* _Requirement_
Only the lines from the one containing "Pool for 1480" to the end of the material are to be copied, exactly and in full; images stay out.

* _Dataset excerpt_
"""

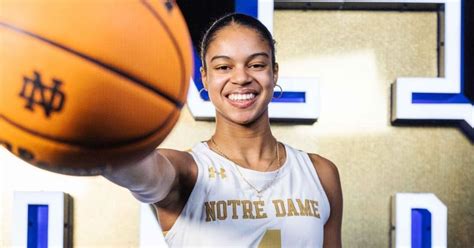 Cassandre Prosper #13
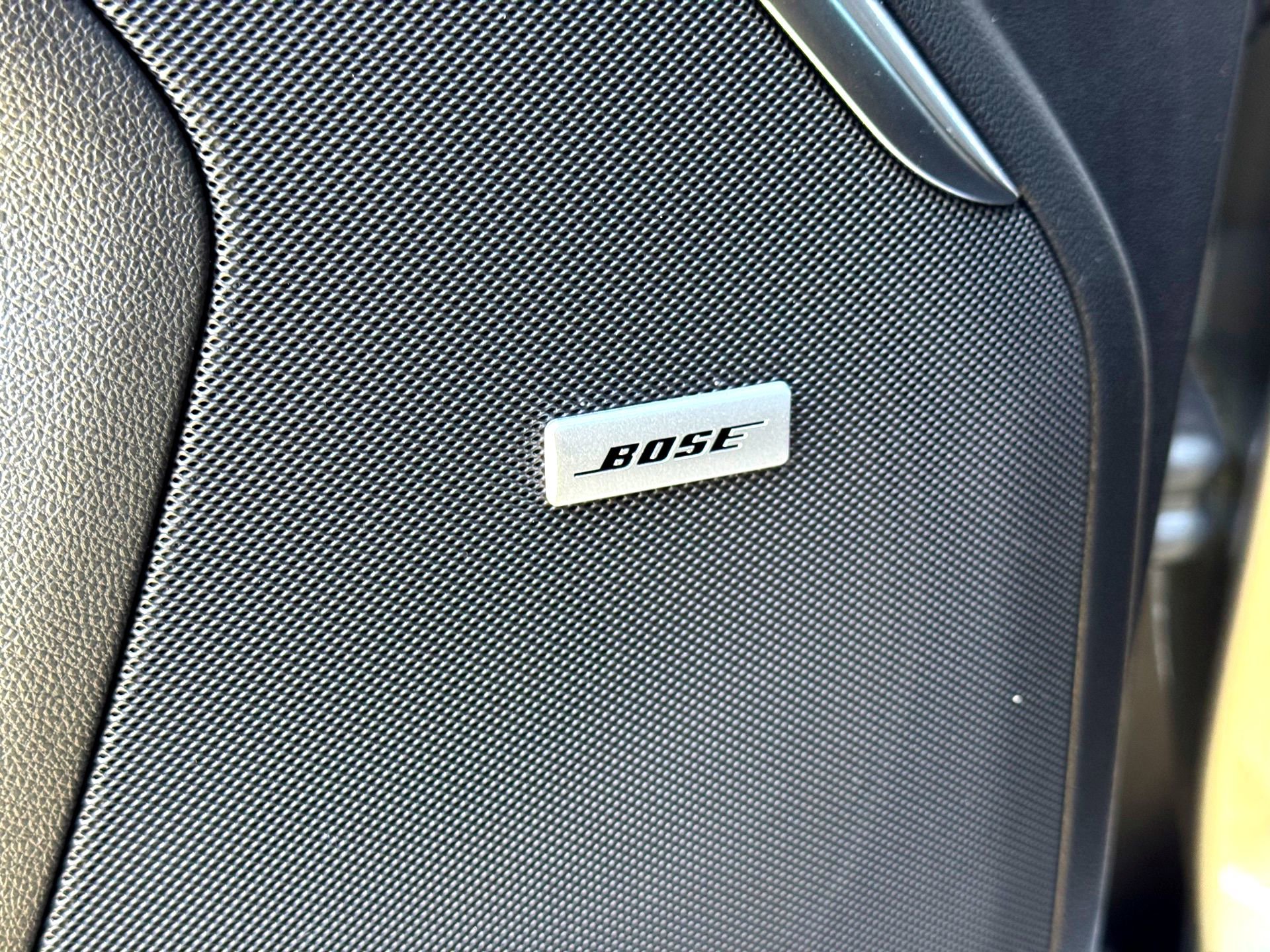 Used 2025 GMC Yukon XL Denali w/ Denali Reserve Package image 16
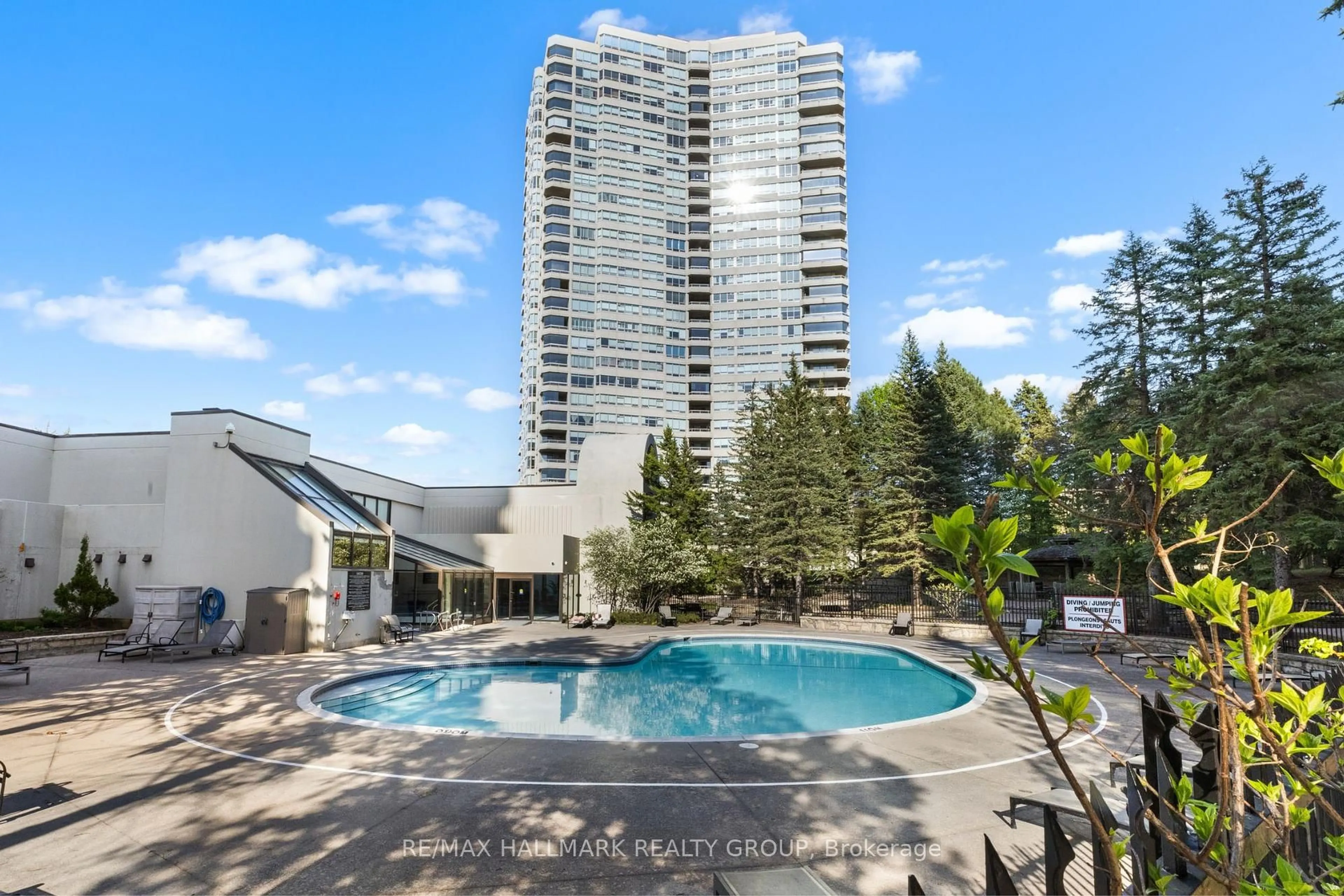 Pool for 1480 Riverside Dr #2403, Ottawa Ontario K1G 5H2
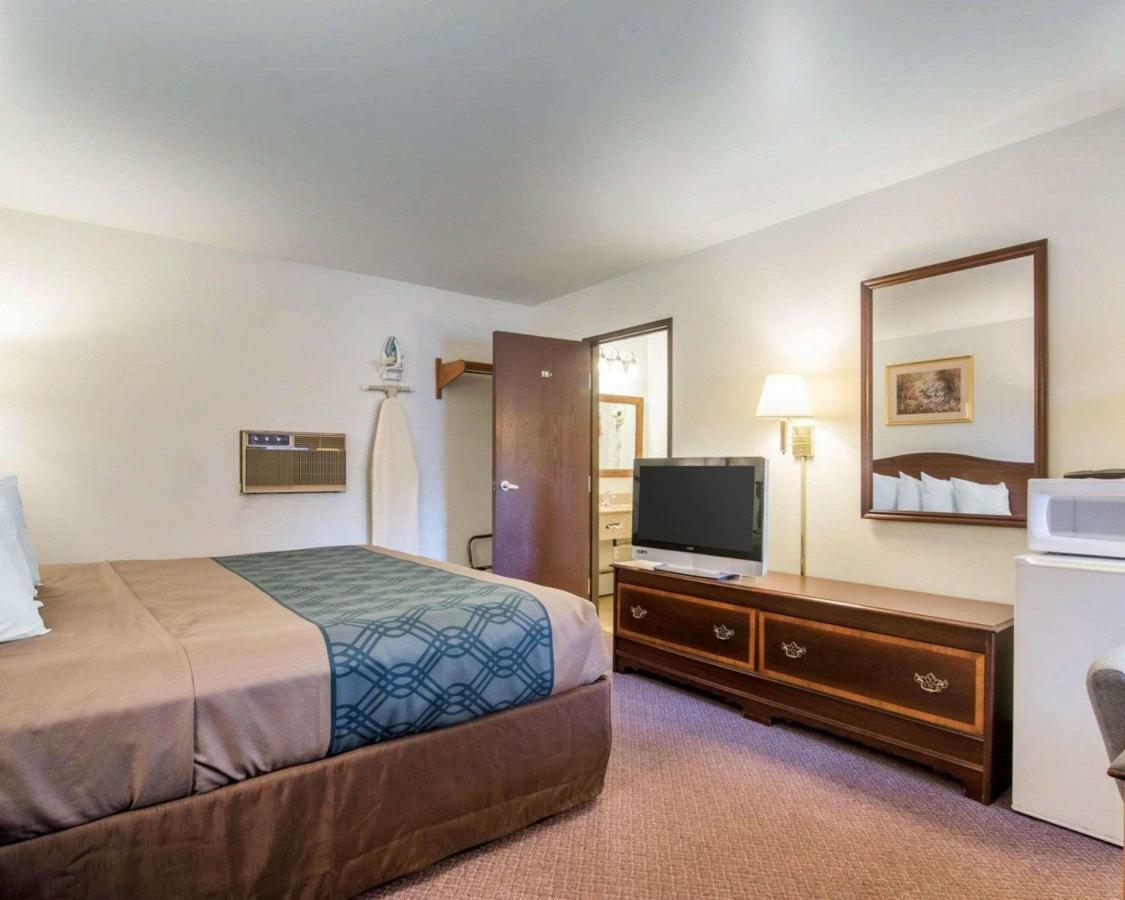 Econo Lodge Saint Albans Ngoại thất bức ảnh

"""

* _Solution to the exercise_
 Pool for 1480 Riverside Dr #2403, Ottawa Ontario K1G 5H2
 Econo Lodge Saint Albans Ngoại thất bức ảnh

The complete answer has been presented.